> _Instructions to follow_
The lines to extract run from the first line of the entries through the line that contains "Ju Sik Kim and"; reproduce exactly those lines and no others.

(Web page caption snippets)
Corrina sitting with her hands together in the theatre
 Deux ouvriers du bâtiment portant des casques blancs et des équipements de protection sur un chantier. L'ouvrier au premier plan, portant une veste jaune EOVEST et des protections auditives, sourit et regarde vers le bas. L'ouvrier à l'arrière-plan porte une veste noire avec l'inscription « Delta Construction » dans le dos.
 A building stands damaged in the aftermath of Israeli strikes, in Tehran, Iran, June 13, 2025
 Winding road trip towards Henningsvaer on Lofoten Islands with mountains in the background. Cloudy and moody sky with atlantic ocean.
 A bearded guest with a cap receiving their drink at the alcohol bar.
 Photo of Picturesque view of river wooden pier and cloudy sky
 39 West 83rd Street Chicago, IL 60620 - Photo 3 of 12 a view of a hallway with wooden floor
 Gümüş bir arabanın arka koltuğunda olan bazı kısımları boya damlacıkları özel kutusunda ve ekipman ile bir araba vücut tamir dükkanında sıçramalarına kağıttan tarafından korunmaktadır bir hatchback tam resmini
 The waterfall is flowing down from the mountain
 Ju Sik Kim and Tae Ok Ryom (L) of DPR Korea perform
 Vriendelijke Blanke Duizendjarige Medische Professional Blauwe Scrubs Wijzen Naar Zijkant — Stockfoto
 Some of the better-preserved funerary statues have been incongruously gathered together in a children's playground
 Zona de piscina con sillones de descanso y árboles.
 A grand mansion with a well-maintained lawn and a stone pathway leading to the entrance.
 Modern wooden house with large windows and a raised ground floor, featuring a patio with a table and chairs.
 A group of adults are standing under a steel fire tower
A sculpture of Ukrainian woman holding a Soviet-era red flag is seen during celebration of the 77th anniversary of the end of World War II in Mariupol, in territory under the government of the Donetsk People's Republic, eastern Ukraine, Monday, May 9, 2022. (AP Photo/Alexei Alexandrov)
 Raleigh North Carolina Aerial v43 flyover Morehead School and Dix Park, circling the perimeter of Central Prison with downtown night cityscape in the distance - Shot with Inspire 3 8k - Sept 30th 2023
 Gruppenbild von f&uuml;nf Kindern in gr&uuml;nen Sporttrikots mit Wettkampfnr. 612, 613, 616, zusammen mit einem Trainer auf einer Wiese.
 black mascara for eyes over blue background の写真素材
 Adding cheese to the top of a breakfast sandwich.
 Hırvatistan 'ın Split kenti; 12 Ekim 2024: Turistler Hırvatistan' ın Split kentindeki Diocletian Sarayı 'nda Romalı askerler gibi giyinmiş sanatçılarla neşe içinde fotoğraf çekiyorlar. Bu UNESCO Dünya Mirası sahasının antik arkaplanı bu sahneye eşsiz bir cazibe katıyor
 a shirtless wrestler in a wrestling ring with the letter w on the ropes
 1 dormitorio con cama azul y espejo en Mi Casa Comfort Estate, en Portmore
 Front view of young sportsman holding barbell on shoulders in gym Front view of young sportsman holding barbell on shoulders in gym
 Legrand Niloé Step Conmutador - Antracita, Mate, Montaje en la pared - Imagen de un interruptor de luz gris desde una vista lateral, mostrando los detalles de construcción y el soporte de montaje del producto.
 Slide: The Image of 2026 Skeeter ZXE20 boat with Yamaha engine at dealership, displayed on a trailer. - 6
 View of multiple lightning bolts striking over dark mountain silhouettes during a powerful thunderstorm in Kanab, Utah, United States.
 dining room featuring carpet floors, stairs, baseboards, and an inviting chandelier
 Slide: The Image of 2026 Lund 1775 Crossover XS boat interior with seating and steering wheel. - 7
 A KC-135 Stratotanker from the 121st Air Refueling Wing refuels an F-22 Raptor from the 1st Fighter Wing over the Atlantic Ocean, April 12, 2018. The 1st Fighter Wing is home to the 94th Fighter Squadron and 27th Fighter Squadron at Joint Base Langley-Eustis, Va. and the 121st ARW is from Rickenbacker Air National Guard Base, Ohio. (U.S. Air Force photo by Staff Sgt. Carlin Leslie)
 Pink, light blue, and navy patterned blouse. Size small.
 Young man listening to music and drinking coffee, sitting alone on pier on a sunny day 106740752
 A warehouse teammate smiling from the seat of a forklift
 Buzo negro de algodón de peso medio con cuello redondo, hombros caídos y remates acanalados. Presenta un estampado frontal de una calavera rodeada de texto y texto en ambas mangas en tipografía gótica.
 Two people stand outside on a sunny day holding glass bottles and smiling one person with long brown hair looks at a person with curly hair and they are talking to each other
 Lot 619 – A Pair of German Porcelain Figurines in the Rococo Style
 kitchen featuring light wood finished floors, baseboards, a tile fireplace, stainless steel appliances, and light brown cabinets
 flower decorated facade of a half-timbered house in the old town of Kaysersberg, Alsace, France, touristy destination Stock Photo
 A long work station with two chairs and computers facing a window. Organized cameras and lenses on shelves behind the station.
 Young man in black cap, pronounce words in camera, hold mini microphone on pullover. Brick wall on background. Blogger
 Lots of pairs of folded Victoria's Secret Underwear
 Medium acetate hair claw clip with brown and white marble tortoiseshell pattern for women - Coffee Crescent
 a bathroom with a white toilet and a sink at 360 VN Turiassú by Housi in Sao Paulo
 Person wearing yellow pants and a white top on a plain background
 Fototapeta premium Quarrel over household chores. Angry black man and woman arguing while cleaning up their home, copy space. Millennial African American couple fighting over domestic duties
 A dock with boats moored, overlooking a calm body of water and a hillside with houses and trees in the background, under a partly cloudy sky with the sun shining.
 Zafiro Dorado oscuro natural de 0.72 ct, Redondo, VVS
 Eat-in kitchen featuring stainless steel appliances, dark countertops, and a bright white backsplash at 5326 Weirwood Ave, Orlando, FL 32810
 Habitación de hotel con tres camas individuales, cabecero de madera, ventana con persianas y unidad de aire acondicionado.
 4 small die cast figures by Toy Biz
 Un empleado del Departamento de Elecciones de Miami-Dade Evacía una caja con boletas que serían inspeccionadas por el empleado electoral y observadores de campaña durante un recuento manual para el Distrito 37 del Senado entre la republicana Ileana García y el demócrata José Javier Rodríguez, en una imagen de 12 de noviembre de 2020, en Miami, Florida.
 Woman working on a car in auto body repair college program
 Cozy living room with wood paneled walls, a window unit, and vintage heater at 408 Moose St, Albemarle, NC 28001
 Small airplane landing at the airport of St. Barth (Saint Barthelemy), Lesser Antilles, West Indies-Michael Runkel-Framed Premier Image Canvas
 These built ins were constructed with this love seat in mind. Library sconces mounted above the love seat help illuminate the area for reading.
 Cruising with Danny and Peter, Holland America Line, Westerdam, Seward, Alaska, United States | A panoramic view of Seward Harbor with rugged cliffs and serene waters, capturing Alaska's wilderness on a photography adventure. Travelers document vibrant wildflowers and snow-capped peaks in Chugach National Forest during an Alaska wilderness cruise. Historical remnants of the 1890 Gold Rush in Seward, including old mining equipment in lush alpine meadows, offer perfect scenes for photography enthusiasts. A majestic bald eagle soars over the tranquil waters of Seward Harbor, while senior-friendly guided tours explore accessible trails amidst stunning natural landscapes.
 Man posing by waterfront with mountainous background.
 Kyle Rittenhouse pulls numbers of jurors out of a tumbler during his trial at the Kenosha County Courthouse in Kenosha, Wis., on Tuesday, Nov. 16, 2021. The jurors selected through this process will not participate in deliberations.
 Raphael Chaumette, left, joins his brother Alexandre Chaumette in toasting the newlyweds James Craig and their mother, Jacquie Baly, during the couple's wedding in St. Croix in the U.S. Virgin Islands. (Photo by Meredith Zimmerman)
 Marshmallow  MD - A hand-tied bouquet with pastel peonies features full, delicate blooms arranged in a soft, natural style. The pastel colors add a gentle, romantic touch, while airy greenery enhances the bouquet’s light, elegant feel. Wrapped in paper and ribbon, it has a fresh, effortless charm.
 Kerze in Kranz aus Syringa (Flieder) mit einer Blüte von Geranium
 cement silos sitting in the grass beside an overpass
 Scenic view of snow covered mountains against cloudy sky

> _Answer box_
Corrina sitting with her hands together in the theatre
 Deux ouvriers du bâtiment portant des casques blancs et des équipements de protection sur un chantier. L'ouvrier au premier plan, portant une veste jaune EOVEST et des protections auditives, sourit et regarde vers le bas. L'ouvrier à l'arrière-plan porte une veste noire avec l'inscription « Delta Construction » dans le dos.
 A building stands damaged in the aftermath of Israeli strikes, in Tehran, Iran, June 13, 2025
 Winding road trip towards Henningsvaer on Lofoten Islands with mountains in the background. Cloudy and moody sky with atlantic ocean.
 A bearded guest with a cap receiving their drink at the alcohol bar.
 Photo of Picturesque view of river wooden pier and cloudy sky
 39 West 83rd Street Chicago, IL 60620 - Photo 3 of 12 a view of a hallway with wooden floor
 Gümüş bir arabanın arka koltuğunda olan bazı kısımları boya damlacıkları özel kutusunda ve ekipman ile bir araba vücut tamir dükkanında sıçramalarına kağıttan tarafından korunmaktadır bir hatchback tam resmini
 The waterfall is flowing down from the mountain
 Ju Sik Kim and Tae Ok Ryom (L) of DPR Korea perform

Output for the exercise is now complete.